A report in a newspaper is only hearsay evidence. A newspaper is not one of the documents referred to in Section 78 (2) of the Evidence Act, 1872 by which an allegation of fact can be proved. The presumption of genuineness attached u/s. 81 of the Evidence Act to a newspaper report cannot be treated as proved of the facts reported therein. It is now well settled that a statement of fact contained in a newspaper is merely hearsay and, therefore, in-admissible in evidence in the absence of the maker of the statement appearing in Court and deposing to have perceived the fact reported. After noticing the Judgment, the Apex Court says that in the present case, no evidence has been let in proof of the statement of facts contained in the newspaper report. The absence of any denial by Ch.
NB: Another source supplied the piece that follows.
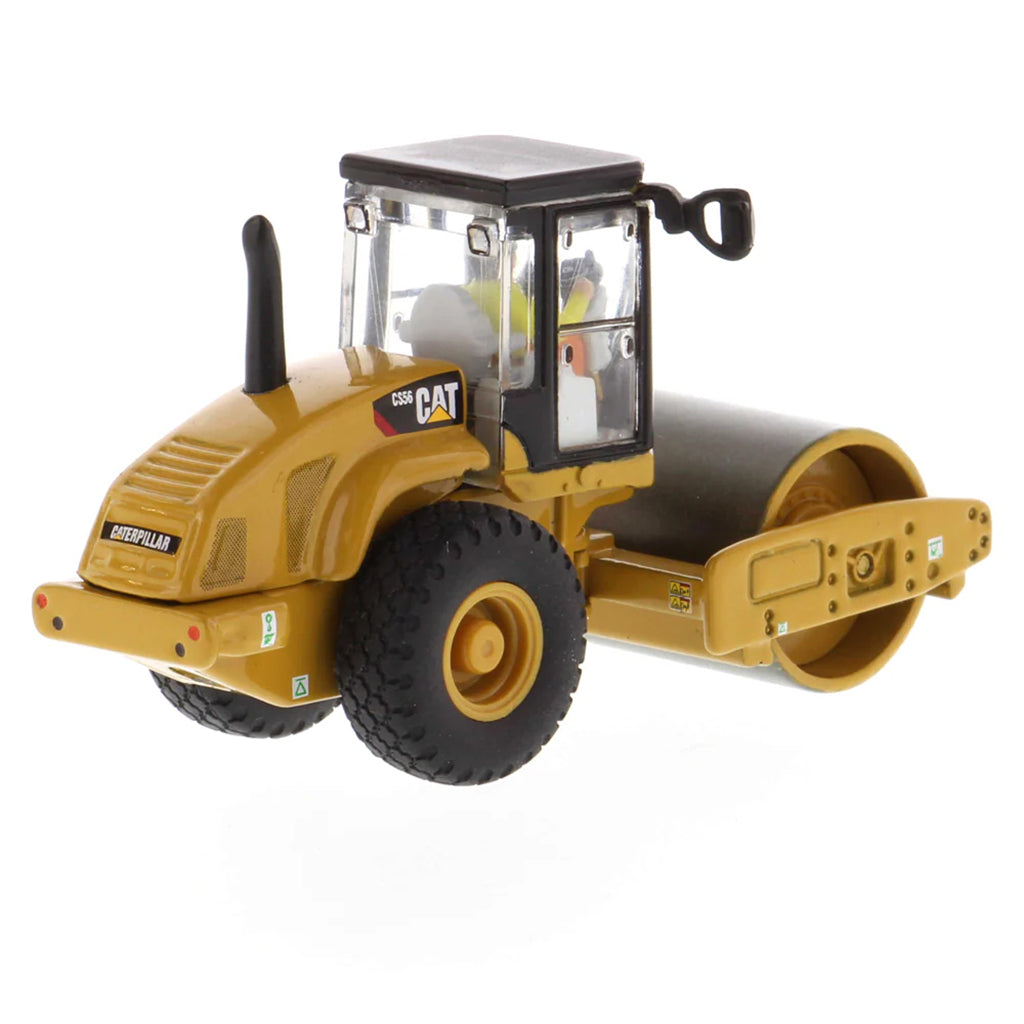 Model of a Caterpillar CS56 Smooth Drum Vibratory Soil Compactor w/Enclosed Cab on a White Background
Bhajan Lal will not absolve the applicant from discharging his obligation of proving the statement of facts as appeared in the Press report. " ( 13 ) THIS Judgment would categorically show that a mere paper publication would not be a foundation for initiation of criminal contempt proceedings, unless the same is supported by other supporting material. On the facts of this case and in the given circumstances, we are satisfied that with the existing material on record, no suo-moto proceedings are possible or permissible in law. We make it clear that we have not expressed any views with regard to other issues and on the merits of the matter. ( 14 ) PETITION stands rejected.